When I go back to a place, memories often poke up from the past. As if I were an archaeologist with a soft brush and little tools, pushing away the present and revealing the past. An old fossil of a story may be sticking out, easy to find, kind of laying there to pick up and bring back to life. Or it may hide a bit, something about the place makes me stop, compelling me to hang out, which most likely is what happened years ago, and now once again hooks me. With a smile of recognition I remember, “Hello. It’s good to be back.”
I have walked a path along a stream in Maine a hundred times over the last 25 years. I go back any time I can as it never fails to show new treasures, and if I pay attention, past memories are unveiled.
1.
At the beginning of the path, there is a large boulder, about five feet tall, and when you pull yourself up, you can walk out on a flat ledge overlooking the stream. It is an invitation created by the last glacial age which together with the powerful forces of expanding ice in small cracks, split the rock in two, followed by thousands of years of being buffeted by the force of water. It has become a perfect viewing platform to witness the torrent below.
Before I even step onto the ledge, I come face to face with a branch of a balsam fir. I smell its spicy perfume as it brushes across me. And that is the exact moment memories come alive. It happens that way each and every year. The branch beckons me to step forward, revealing just enough of the ledge, in the same graceful way a gardener has created a path in a Japanese garden that pulls you forward with a tease of a scene. I wonder if the coolness and lack of sunshine in this one stretch of the river has kept the branch from growing. It has become the greeter for all who hop up on the rock and enter the ledge, giving each of us a fragrant welcome.
One year I hopped up, was embraced by the branch, and saw the most perfect red maple leaf caught in the tangle of fir needles. Red against green, like a show-off in the crowd. I tried my best to find an angle for a photograph, for quite some time, but it didn’t work. It became one of those many photographic ideas that were best enjoyed with my eyes, and then, adding reenforcement to letting go, a gentle wind lifted the leaf up and off on a journey downstream.

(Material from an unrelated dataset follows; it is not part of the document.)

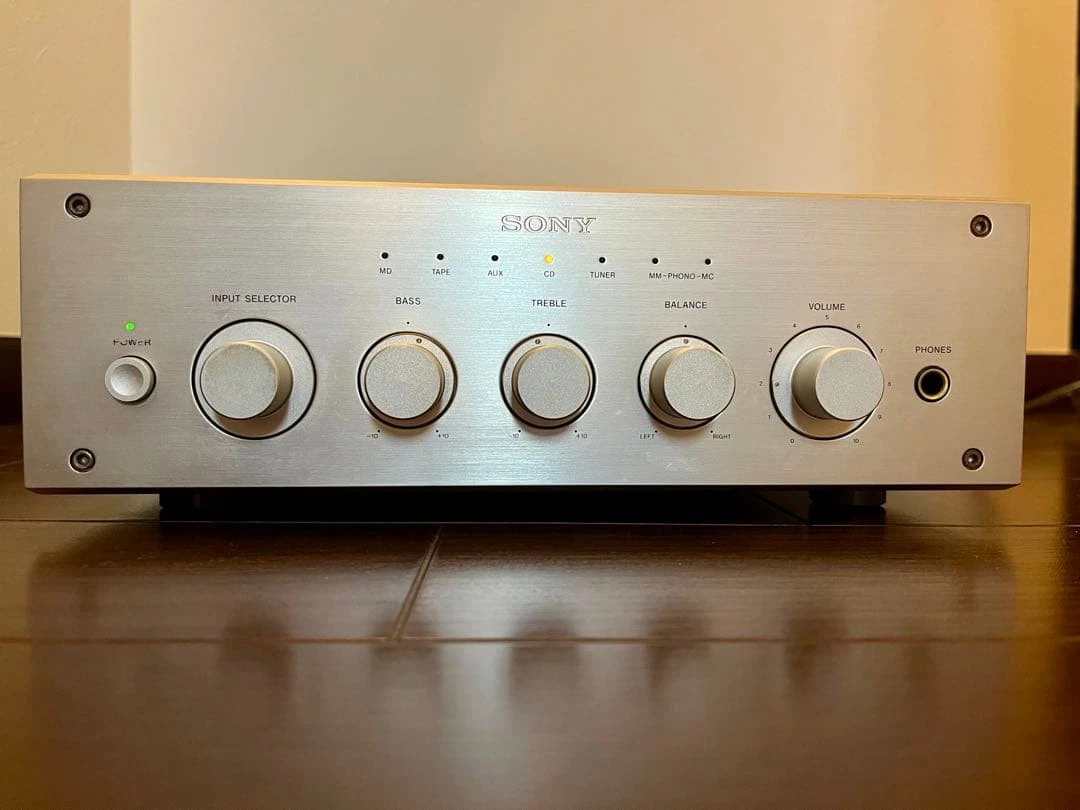 25+ Sony Silver Home Audio Integrated Amplifiers for sale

Whenever I enter the ledge, after being welcomed by the fir, I think about the red leaf, and the lesson of letting go.
2.
There is another spot upstream that always beckons for an exploration. Now I realize it is because the forest view from the path parts as if theater curtains are pulled back, framing a sweet scene to the stream. You walk along the path, look to your right, and there it is. Always, I can’t help it, and walk to the stream. My strongest memory was when I was crouching down right at the water’s edge. I was mesmerized by the way a little two-foot tall waterfall was so actively changing its appearance. The color reflections from autumn trees in sunlight above, were flickering like a candle of rainbow colors. The pulsing and vibrating of the color surface was happening in split seconds. A fast moving kaleidoscope of color.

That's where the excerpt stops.